TRY IT: Begin at the first line below and copy each line exactly, ending with the line where "Preventing Communicable Diseases" appears.

DATA SHOWN:
*** Block opens ***

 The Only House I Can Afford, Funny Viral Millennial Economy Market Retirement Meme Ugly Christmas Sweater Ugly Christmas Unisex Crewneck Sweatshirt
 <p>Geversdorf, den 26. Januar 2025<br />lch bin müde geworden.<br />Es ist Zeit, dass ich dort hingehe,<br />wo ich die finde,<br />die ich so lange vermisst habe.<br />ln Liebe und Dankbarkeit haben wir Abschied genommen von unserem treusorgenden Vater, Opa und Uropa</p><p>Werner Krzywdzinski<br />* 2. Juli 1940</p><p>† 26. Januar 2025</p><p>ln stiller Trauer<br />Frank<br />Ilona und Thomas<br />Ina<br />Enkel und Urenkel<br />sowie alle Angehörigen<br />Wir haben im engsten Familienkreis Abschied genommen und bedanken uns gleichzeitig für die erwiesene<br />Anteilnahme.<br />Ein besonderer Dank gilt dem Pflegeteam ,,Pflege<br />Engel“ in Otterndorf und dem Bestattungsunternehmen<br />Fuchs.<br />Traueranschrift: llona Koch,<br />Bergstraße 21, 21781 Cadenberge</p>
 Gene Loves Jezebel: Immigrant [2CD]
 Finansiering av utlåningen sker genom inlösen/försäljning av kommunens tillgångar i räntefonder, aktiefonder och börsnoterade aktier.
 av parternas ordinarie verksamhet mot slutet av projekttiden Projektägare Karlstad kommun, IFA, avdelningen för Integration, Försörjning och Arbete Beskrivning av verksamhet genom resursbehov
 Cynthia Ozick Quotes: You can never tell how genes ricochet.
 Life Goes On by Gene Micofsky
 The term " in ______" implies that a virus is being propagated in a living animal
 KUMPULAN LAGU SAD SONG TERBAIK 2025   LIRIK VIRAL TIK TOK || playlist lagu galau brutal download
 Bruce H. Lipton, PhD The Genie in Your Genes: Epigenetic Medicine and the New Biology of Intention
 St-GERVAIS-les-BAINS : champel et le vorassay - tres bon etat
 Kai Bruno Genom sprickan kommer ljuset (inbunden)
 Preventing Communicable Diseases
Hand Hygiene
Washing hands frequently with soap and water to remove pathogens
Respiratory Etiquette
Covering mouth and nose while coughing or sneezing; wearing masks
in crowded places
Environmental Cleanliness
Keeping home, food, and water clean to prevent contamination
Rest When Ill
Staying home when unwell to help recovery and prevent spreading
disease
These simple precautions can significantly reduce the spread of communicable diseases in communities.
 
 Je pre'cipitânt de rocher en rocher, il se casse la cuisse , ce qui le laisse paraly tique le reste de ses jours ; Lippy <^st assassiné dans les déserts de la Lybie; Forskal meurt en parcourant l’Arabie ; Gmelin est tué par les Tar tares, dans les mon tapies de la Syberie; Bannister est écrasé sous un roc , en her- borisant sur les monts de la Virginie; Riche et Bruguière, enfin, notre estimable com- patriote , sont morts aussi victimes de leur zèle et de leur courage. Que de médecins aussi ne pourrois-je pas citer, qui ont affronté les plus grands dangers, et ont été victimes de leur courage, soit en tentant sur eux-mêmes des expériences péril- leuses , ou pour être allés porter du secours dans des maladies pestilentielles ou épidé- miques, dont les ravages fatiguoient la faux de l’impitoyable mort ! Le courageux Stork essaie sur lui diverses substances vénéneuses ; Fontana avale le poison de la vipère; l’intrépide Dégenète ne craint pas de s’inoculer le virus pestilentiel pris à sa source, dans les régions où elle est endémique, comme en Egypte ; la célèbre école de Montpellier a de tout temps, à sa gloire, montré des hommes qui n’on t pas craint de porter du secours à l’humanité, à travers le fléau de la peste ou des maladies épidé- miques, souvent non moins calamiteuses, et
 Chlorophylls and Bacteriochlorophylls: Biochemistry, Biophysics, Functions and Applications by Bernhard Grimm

*** Block closes ***

FINISHED EXERCISE:
 The Only House I Can Afford, Funny Viral Millennial Economy Market Retirement Meme Ugly Christmas Sweater Ugly Christmas Unisex Crewneck Sweatshirt
 <p>Geversdorf, den 26. Januar 2025<br />lch bin müde geworden.<br />Es ist Zeit, dass ich dort hingehe,<br />wo ich die finde,<br />die ich so lange vermisst habe.<br />ln Liebe und Dankbarkeit haben wir Abschied genommen von unserem treusorgenden Vater, Opa und Uropa</p><p>Werner Krzywdzinski<br />* 2. Juli 1940</p><p>† 26. Januar 2025</p><p>ln stiller Trauer<br />Frank<br />Ilona und Thomas<br />Ina<br />Enkel und Urenkel<br />sowie alle Angehörigen<br />Wir haben im engsten Familienkreis Abschied genommen und bedanken uns gleichzeitig für die erwiesene<br />Anteilnahme.<br />Ein besonderer Dank gilt dem Pflegeteam ,,Pflege<br />Engel“ in Otterndorf und dem Bestattungsunternehmen<br />Fuchs.<br />Traueranschrift: llona Koch,<br />Bergstraße 21, 21781 Cadenberge</p>
 Gene Loves Jezebel: Immigrant [2CD]
 Finansiering av utlåningen sker genom inlösen/försäljning av kommunens tillgångar i räntefonder, aktiefonder och börsnoterade aktier.
 av parternas ordinarie verksamhet mot slutet av projekttiden Projektägare Karlstad kommun, IFA, avdelningen för Integration, Försörjning och Arbete Beskrivning av verksamhet genom resursbehov
 Cynthia Ozick Quotes: You can never tell how genes ricochet.
 Life Goes On by Gene Micofsky
 The term " in ______" implies that a virus is being propagated in a living animal
 KUMPULAN LAGU SAD SONG TERBAIK 2025   LIRIK VIRAL TIK TOK || playlist lagu galau brutal download
 Bruce H. Lipton, PhD The Genie in Your Genes: Epigenetic Medicine and the New Biology of Intention
 St-GERVAIS-les-BAINS : champel et le vorassay - tres bon etat
 Kai Bruno Genom sprickan kommer ljuset (inbunden)
 Preventing Communicable Diseases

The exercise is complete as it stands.